Walking through a pristine forest is not possible anymore. Even though I can go anywhere I want, it’s not possible to see this place as it once was. I find paths that are cut through a once-wild understory. Someone was here before me. To the left, I could step over a fallen trunk. On the right, a thornbush flourishes. There’s a bridge over the creek. Its wild water has been trained to stay tame now. The streambed is leveled out and the woods are ready for every season.
I can also travel to a remote railroad bridge. It is barren with a stone underpass cased in graffiti. The names of people, long gone, are sheltered by the tracks passing above. I laugh and imagine that they are buttressing the walls with their ink. Other names are carved into the stone that will last as long as anything.
My mind has its own paths made of persistent memories. They are reinforced by the phantoms of sad dreams and shadows of regret. I demand that my mind can solve its own dilemmas. When their patterns persist, they show me that I carry their burden anyways. They confuse the neural channels with wasteful thoughts and I grudgingly admit that more will follow. Rarely pristine, my memories should help me grow wiser but instead they make me stumble.

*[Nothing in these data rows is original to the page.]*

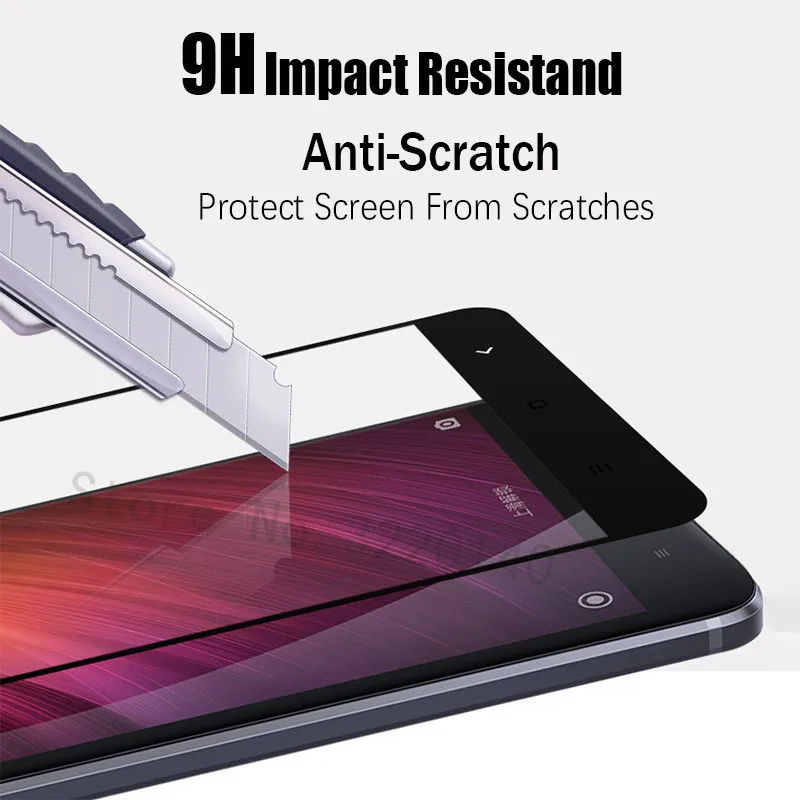 9H полное покрытие закаленное стекло для Xiaomi Redmi Note 4 4X Pro глобальная версия защита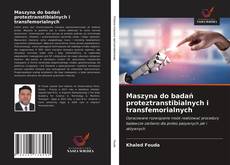 Bookcover of Maszyna do badań proteztranstibialnych i transfemorialnych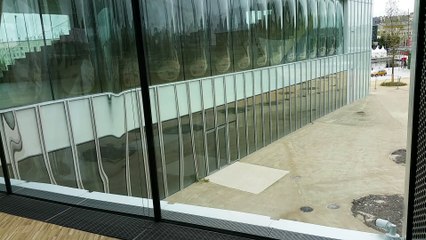 La nouvelle bibliothèque de Caen en avant-première : le premier étage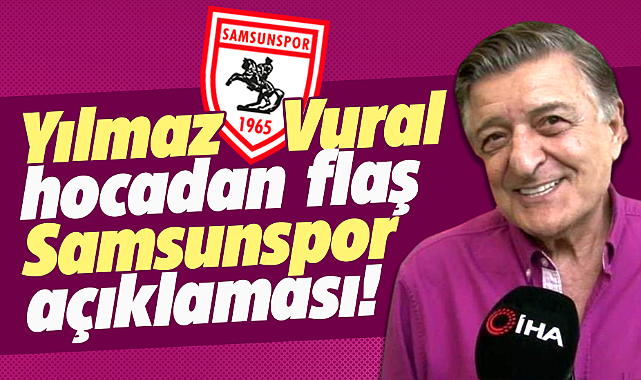 Samsun'a gelen Yılmaz Vural'dan flaş Samsunspor açıklaması!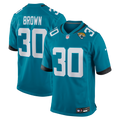 Jacksonville Jaguars Montaric Brown Nike Teal Game Player Jersey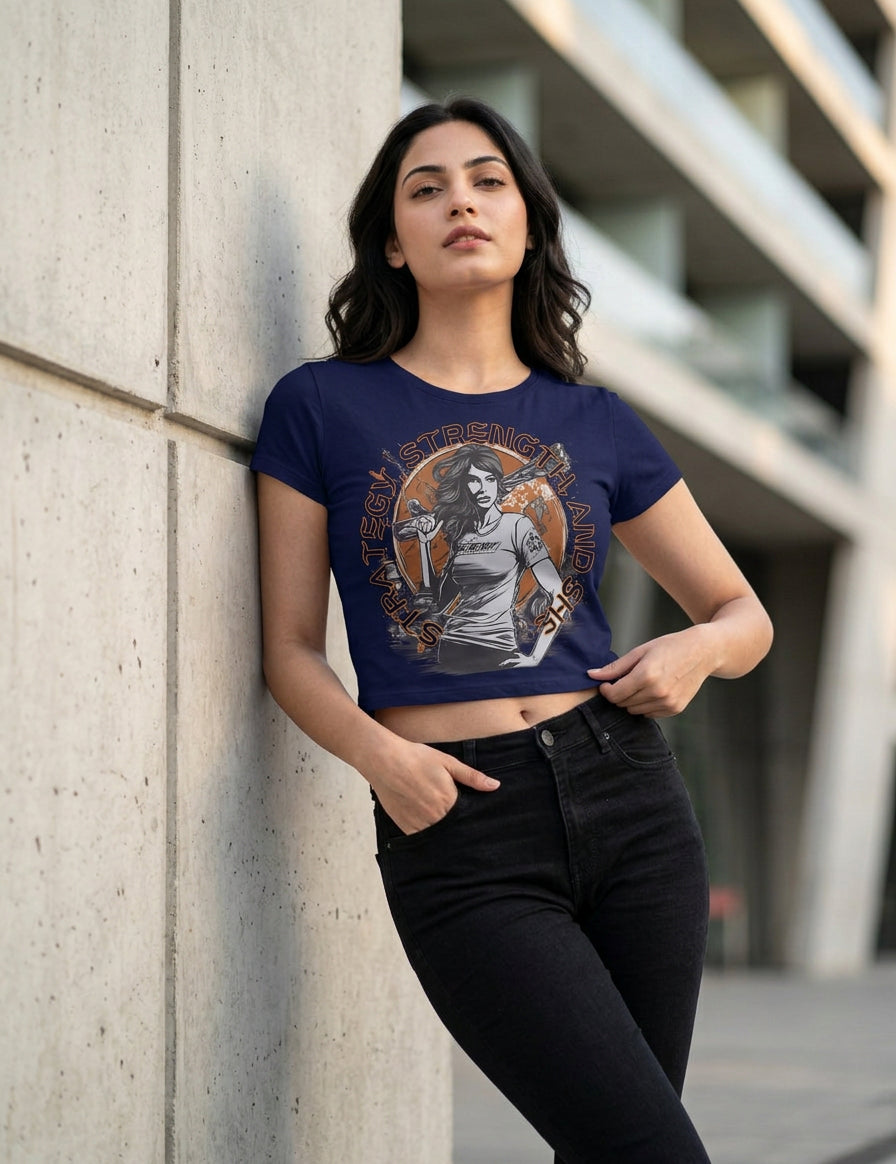 Strategy Strength and She | Graphic T-Shirt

I look around my house and see reminders of when I had been free. Mementos fill the shelves. I wonder who I should remember and where they came from. Many are gifts of old friends’ love. I know someone took time to find them yet I’m heedless and don’t notice them as I pass from one room to the next.
There is plenty to see in my neighborhood. When I walk past the church, I see the trees that have grown tall around it. Their refuge has become its own pristine reality. I see how they too are trails that I can follow. I’m not sad about the changes I see and enjoy them as gifts from an unseen caretaker.